Trend report: The real thing
Mass production and digitalisation have given consumers a yearning for hand-crafted products with heritage, causing designers to reimagine tradition and authenticity
Digital media is also helping brands capitalise on increasing patriotic fervour. Online stores that let consumers buy goods direct from their country of origin, such as La Belle Echoppe and A Vida Portuguesa, are springing up. The former, created by French lifestyle blog redingote.fr, is an online boutique dedicated to French-made products. The online collection ranges from classic Breton shirts made in Brittany to Opinal knives made in Savoie, and it encourages users to shop by region as well as giving an insight into each product’s origin and cultural history. Similarly, online store A Vida Portuguesa aims to promote forgotten everyday objects by offering customers over 1,000 different Portuguese-made products that have either maintained their original packaging, are handmade, or represent indigenous Portuguese craftsmanship.

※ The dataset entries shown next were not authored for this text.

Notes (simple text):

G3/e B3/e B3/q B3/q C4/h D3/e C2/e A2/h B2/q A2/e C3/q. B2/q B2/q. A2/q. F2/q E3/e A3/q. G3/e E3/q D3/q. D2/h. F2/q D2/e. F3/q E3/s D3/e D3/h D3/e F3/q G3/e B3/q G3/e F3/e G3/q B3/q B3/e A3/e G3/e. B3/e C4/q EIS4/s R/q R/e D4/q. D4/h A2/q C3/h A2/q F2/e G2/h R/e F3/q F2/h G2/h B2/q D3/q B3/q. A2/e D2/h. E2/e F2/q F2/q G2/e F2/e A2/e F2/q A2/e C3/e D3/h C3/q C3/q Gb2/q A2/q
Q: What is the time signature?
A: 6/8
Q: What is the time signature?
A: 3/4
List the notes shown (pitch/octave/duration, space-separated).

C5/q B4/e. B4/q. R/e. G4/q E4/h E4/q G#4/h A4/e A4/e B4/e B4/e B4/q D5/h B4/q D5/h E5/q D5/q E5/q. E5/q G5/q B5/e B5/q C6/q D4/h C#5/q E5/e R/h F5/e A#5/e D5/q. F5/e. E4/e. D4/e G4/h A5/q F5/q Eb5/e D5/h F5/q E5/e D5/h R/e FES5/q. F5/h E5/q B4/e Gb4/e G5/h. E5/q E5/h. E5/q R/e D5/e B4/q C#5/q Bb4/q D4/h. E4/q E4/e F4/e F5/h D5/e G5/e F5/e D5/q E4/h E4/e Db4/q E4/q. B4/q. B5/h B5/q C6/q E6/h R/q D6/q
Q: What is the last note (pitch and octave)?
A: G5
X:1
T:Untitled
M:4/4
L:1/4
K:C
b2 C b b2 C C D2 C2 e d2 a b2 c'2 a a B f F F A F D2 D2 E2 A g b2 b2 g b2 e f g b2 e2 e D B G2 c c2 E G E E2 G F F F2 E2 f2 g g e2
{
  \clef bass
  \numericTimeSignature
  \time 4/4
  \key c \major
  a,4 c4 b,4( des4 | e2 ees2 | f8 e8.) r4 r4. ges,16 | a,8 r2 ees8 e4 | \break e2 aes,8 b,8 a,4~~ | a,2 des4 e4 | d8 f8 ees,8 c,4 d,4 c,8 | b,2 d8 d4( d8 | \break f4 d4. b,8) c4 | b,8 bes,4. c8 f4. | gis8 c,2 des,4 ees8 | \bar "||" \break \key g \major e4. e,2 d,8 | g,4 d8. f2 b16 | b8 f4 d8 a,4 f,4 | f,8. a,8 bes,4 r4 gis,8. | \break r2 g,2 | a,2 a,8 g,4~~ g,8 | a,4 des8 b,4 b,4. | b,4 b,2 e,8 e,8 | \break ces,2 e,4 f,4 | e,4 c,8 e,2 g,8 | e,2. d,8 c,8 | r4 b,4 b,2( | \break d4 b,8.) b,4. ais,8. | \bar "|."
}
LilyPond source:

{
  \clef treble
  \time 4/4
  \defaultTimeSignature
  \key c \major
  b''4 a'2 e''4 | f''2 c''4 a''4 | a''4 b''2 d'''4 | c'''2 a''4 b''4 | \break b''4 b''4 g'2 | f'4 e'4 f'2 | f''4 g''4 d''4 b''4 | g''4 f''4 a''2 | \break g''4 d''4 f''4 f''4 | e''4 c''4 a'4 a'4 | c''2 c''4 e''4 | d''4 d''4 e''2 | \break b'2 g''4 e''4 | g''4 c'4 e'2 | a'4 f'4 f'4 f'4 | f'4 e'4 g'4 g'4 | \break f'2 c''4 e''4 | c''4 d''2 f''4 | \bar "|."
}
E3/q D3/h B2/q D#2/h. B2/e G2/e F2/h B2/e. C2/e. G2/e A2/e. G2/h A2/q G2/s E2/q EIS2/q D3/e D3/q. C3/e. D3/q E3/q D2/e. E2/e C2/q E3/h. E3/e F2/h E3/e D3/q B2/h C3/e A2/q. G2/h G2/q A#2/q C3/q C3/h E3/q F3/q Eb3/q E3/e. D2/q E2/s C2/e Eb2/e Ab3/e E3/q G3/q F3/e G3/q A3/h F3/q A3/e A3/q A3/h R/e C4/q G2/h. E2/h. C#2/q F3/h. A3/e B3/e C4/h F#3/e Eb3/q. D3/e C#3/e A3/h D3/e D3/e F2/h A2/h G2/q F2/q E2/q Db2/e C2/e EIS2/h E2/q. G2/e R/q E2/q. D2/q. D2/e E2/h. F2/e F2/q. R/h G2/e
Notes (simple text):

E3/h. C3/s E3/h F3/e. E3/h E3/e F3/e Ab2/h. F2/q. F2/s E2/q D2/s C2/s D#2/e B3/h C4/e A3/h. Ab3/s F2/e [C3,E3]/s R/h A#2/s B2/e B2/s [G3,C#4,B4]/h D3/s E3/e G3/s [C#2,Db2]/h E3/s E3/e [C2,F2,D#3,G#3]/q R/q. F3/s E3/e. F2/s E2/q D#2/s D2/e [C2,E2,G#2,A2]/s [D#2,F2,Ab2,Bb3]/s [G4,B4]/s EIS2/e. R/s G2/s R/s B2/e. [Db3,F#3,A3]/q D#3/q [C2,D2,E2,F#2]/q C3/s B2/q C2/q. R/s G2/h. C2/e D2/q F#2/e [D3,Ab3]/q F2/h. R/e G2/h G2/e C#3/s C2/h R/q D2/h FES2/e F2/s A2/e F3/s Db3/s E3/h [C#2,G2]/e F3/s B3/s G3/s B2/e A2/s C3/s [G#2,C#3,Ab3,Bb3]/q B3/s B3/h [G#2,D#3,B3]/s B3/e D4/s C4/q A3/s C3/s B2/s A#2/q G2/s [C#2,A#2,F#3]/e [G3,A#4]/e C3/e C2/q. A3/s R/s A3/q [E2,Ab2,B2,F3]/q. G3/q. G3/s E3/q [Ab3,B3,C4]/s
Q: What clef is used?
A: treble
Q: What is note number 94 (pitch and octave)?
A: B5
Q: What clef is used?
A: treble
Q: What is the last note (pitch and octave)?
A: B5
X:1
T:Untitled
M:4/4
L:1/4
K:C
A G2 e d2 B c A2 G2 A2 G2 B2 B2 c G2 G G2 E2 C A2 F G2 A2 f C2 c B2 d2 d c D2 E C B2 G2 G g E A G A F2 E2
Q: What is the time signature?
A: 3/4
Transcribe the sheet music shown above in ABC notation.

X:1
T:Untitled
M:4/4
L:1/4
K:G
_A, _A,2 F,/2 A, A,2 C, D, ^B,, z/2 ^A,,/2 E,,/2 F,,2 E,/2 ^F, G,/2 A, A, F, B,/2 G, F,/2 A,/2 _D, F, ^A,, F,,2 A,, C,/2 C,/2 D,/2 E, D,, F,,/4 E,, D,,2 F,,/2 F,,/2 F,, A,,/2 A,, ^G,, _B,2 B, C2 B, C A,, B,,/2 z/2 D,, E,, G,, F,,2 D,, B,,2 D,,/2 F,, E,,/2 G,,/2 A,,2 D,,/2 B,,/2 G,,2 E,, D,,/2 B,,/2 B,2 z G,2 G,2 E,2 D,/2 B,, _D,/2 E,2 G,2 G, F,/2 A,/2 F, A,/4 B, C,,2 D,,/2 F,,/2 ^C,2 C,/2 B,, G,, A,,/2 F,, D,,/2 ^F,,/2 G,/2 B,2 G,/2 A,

As well as nationalism, brands are also using hyper-localism – tracing products back to exact locations – to promote their wares. 2010’s Savile Row Field Day event played on the theme of provenance, with local wool producers parading their sheep down the road. Some designers are also bringing where they live and where they were born into their work. A recent graduate from Central St Martins’ MA Textile Futures course, Hyun Jin Jeong collects soils from various locations in South Korea and the UK, exploring the use of earth as a material for textile dyeing and emphasising the aesthetic value of this natural material.
In post-industrial nations, shoppers and designers have a renewed, patriotic focus on the local – whether it be raw materials, workers or production – and a strong drive to rediscover a country’s, or a city’s, pride in a once-strong manufacturing heritage.
Heritage modern
Facing an ever-changing marketplace, consumers are finding reassurance in heritage brands that have survived the test of time. By gleaning elements of historical reference and imagination, younger brands are able to build instant heritage for themselves too.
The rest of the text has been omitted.